» Merci Bertrand ! d’être venu nous voir au Québec » lance un spectateur alors que le noir est fait dans la salle. Bertrand vient d’entonner les premières notes de son dernier album « Toutes directions » au Cabaret du Mile End. Ce 21 septembre 2012, Pop Montréal a invité l’orfèvre de la pop française, Bertrand Burgalat.
Sa dernière visite à Montréal remonte à une trentaine d’années. Alors adolescent, il voyageait au Québec avec ses parents. Ce séjour est forcément empreint de nostalgie, car ses parents ont aujourd’hui disparu. Il retourne à la Place-des-Arts, remonte la rue Sainte-Catherine et entre dans l’hôtel dans lequel il était descendu en famille. Aujourd’hui père d’une adorable petite Jacqueline, il veut remettre ses pas dans ceux de ses parents et de son enfance, pour boucler la boucle… Alors il choisit avec soin des souvenirs du Québec pour Jacqueline, pour partager son histoire avec elle.
Il a gardé de sa jeunesse, cette timidité qui trahit un immense respect pour les autres, un look d’adolescent qui le définit si bien, et une passion de la musique qui l’habite depuis toujours. Seules ses pattes grisonnantes trahissent le temps qui passe. Façonné par Pink-Floyd, Kraftwerk et Klaus Schulze, il se découvre une passion soudaine pour la québécoise Ginette Reno. « Adolescent, je ne comprenais pas la chanson, j’ai fait une découverte tardive de Polnareff et Léo Ferré ».

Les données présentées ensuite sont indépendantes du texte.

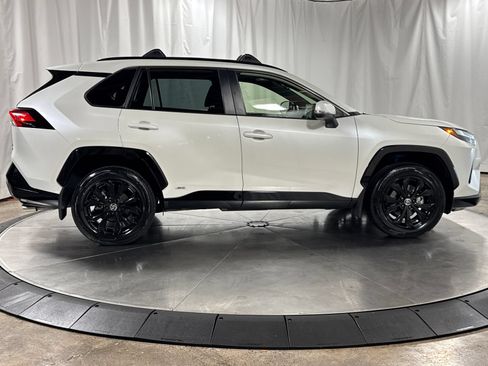 Used 2022 Toyota RAV4 SE w/ Convenience Package AWD/4WD image 6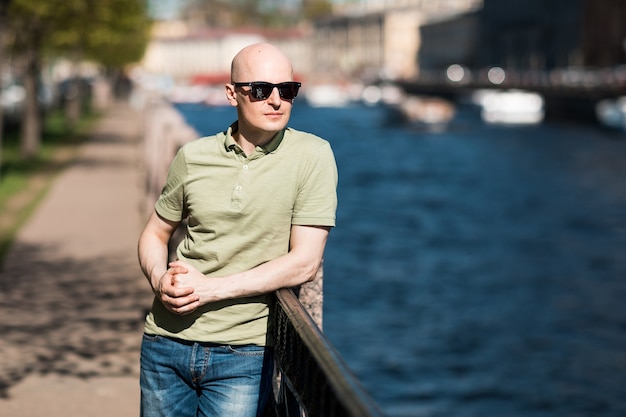 Hombre adulto con un traje casual con gafas de sol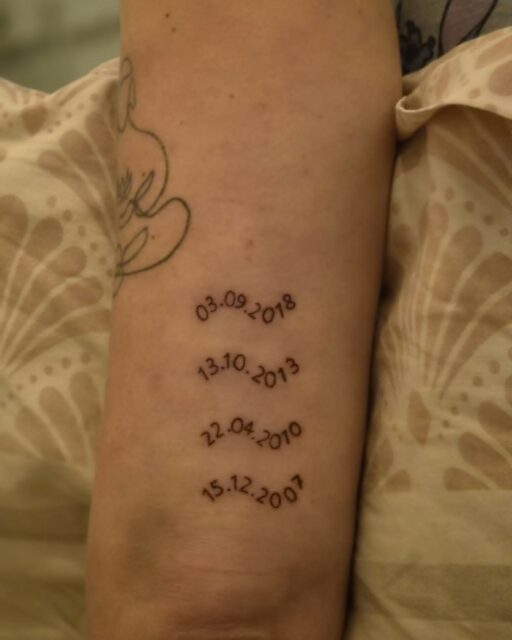 Des dates qui comptent pour toujours. #tattoolife #bearn #tatouagefemme #pau #billere #tatoueuse #palois #jaimepau #tattoo #lons #paumaville #tattoos #vivreapau #villedepau #tattooing #paumaville64 #tatouage #tattooartist #paloise #lescar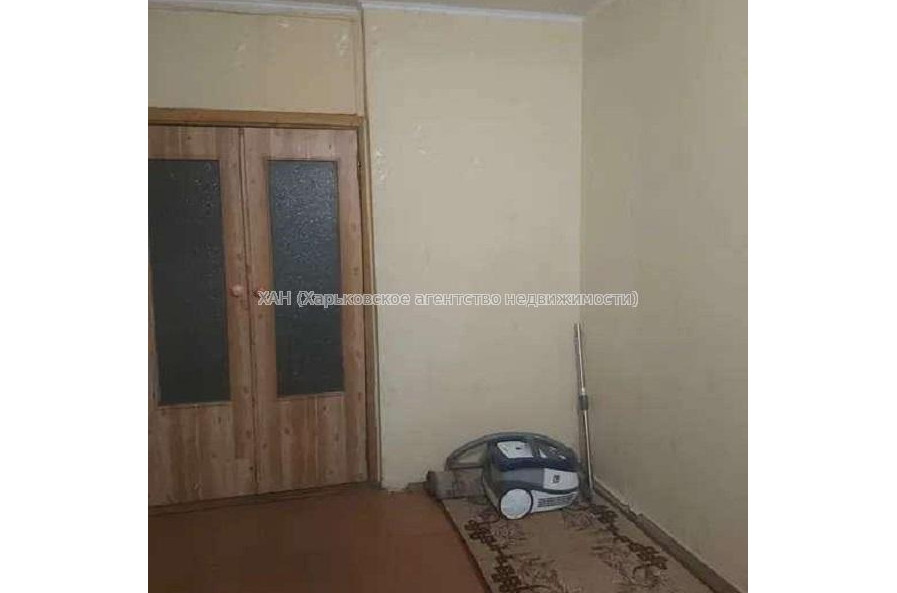 Продам квартиру, Саперная ул. , 4  ком., 82 м², косметический ремонт 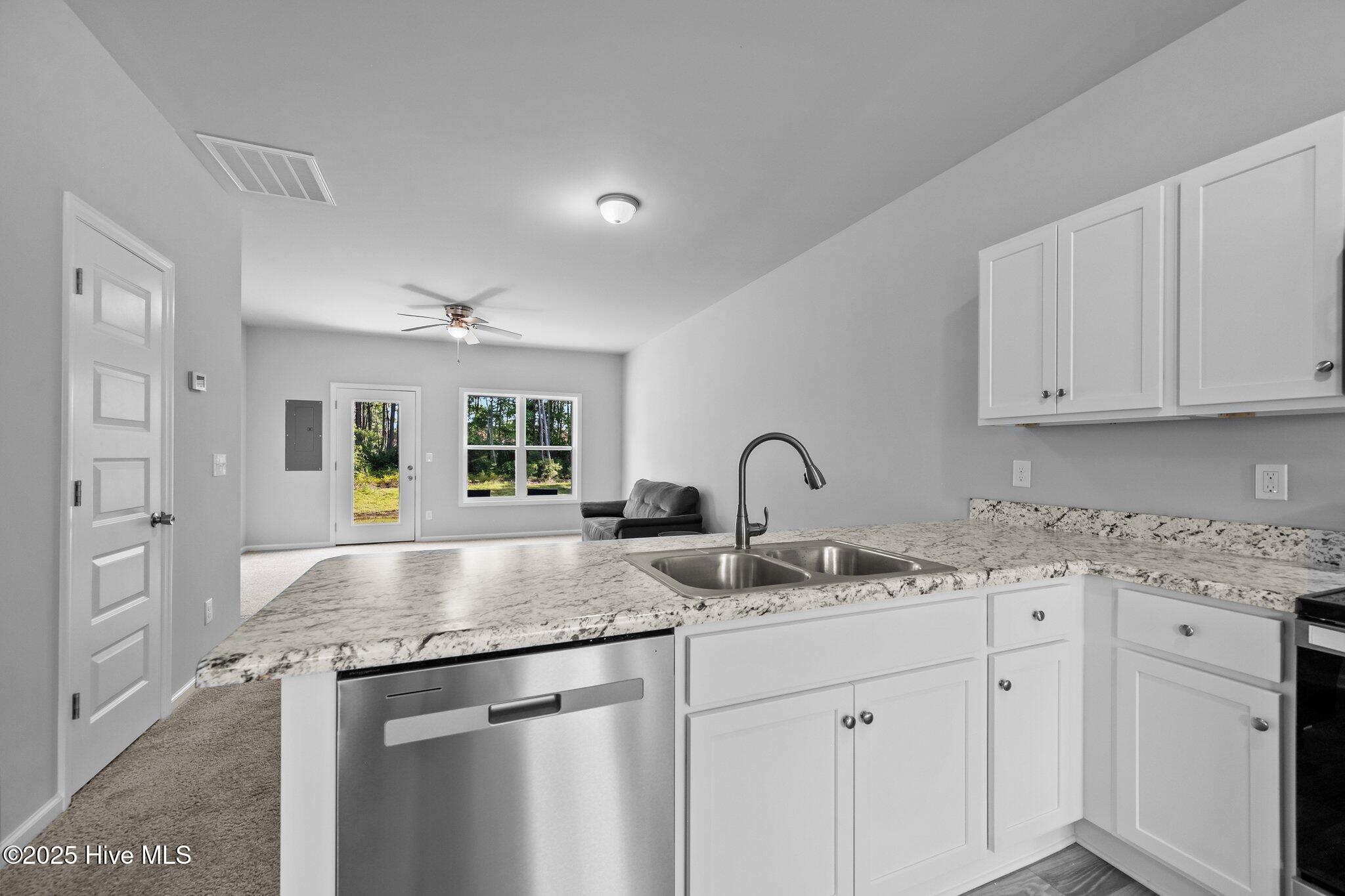 175 Buckhorn Avenue Holly Ridge, NC 28445 - Photo 4 of 23 7-web-or-mls-_Z728193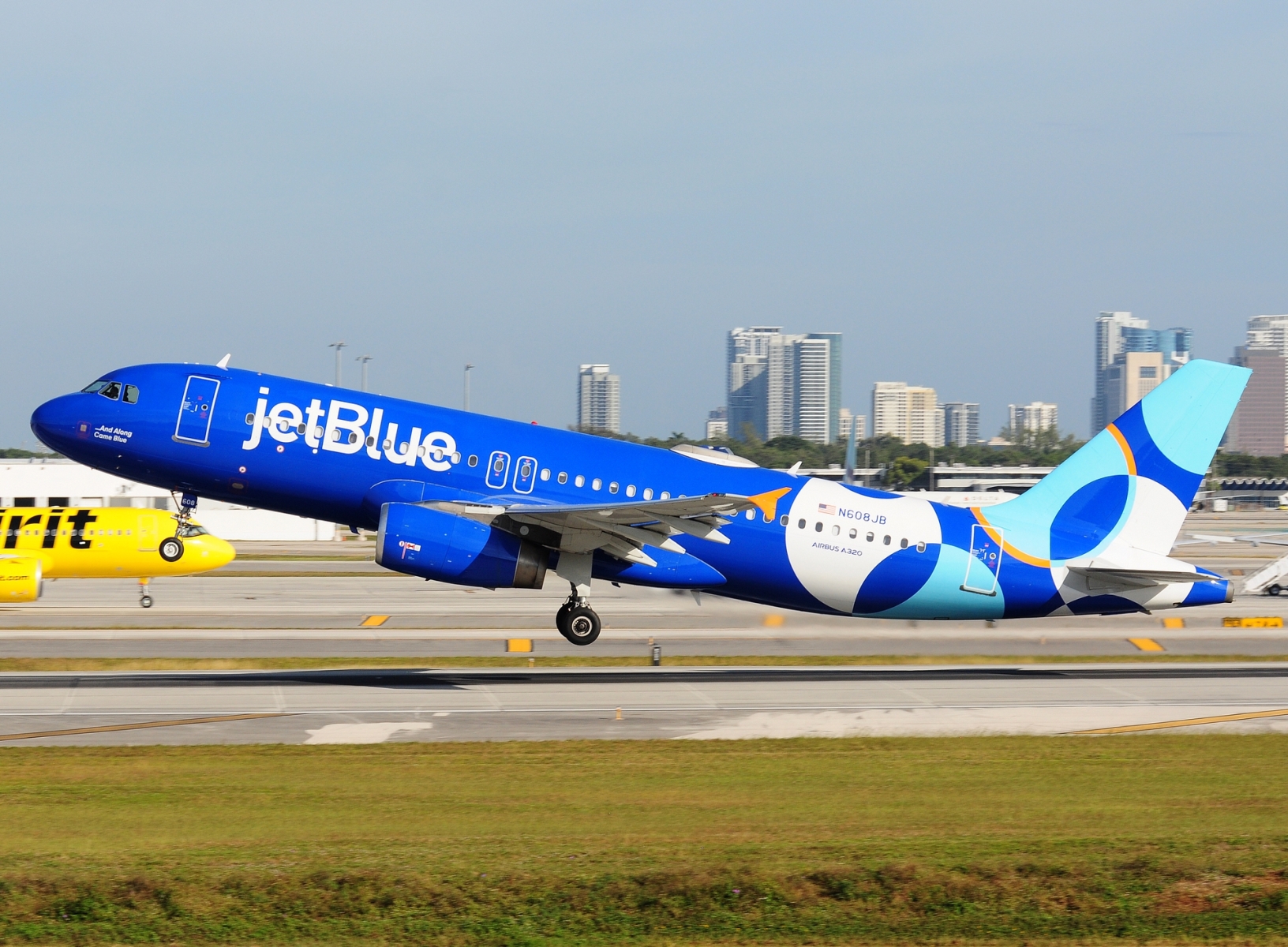 N608JB - A320-232 - JetBlue Airways - FLL - 27-11-2025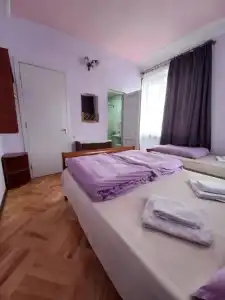 Top Floor Guest House - 20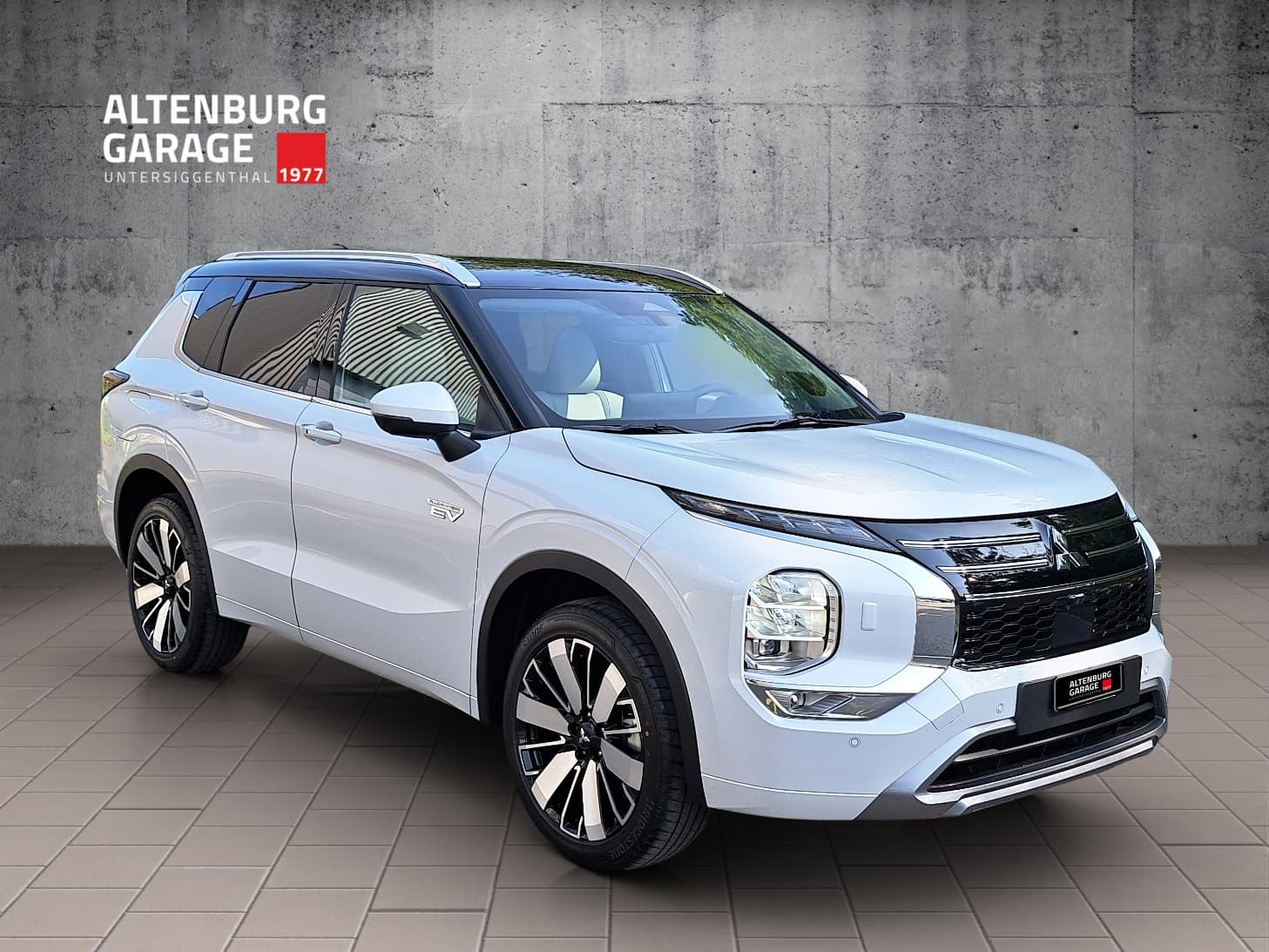 MITSUBISHI Outlander 2.4 PHEV Instyle 4x4 - Bild 7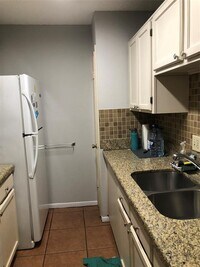 2121 Hepburn St photo'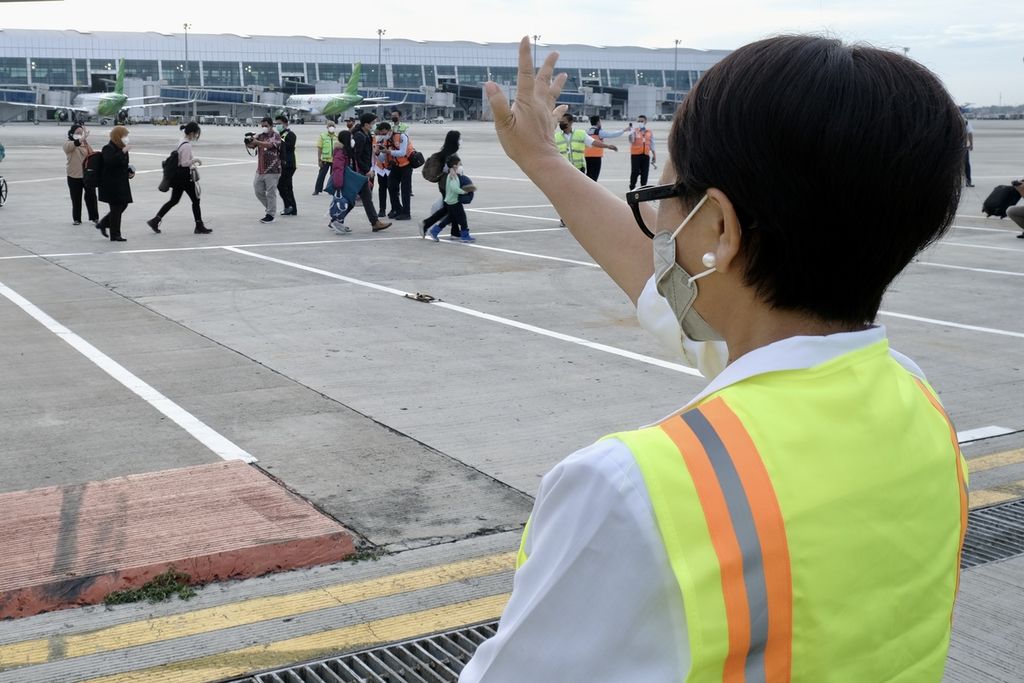 Warga Indonesia yang diungsikan dari Ukraina tiba di Bandara Soekarno-Hatta, Tangerang (3/3/2022) disambut Menteri Luar Negeri Retno Marsudi. Pemerintah mengevakuasi 80 WNI itu dengan pesawat dari Romania. 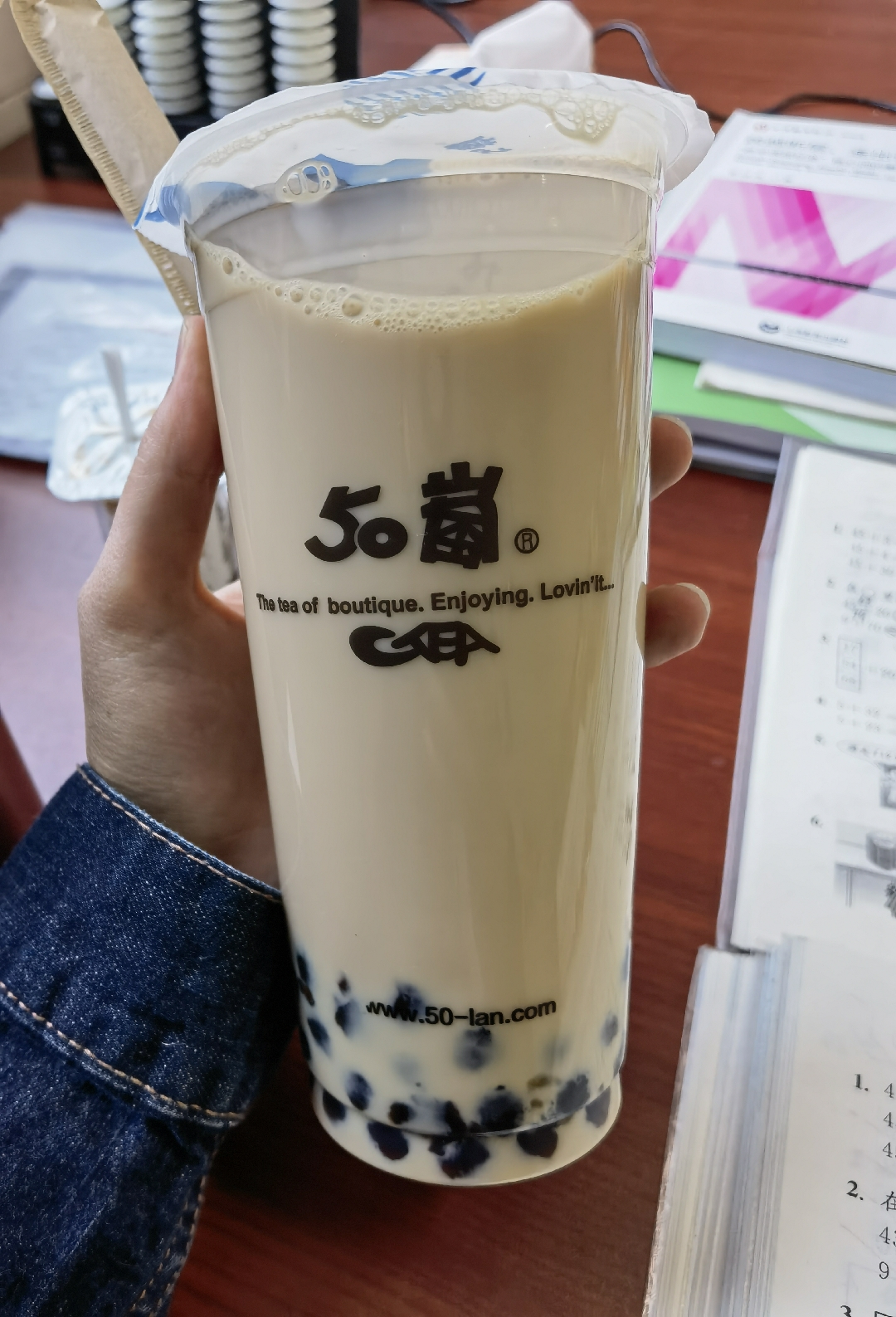 咖啡解不了困,但奶茶可以,日子苦是苦了点,全糖奶茶来帮忙喽[笑]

Polo Lacoste, grosses lunettes d’écaille héritées d’un diabète persistant, pantalons serrés, Bertrand ne ressemble à personne, sauf à l’adolescent qu’il était, celui qui a toujours su qu’il était destiné à la musique. À l’heure ou ses copains de lycée amorcent une vie professionnelle « normale », il fonde Tricatel, label à son image : exigeant, différent, pour faire de la musique plus que de l’argent. « J’ai besoin d’admirer les gens avec qui je travaille, et je veux travailler avec des gens gentils » explique Bertrand. Il est parmi les spectateurs lorsque Jef Barbara fait la première partie de son show. Le fan admire la dernière « acquisition » de son écurie, le patron de label a la tête pleine de projets.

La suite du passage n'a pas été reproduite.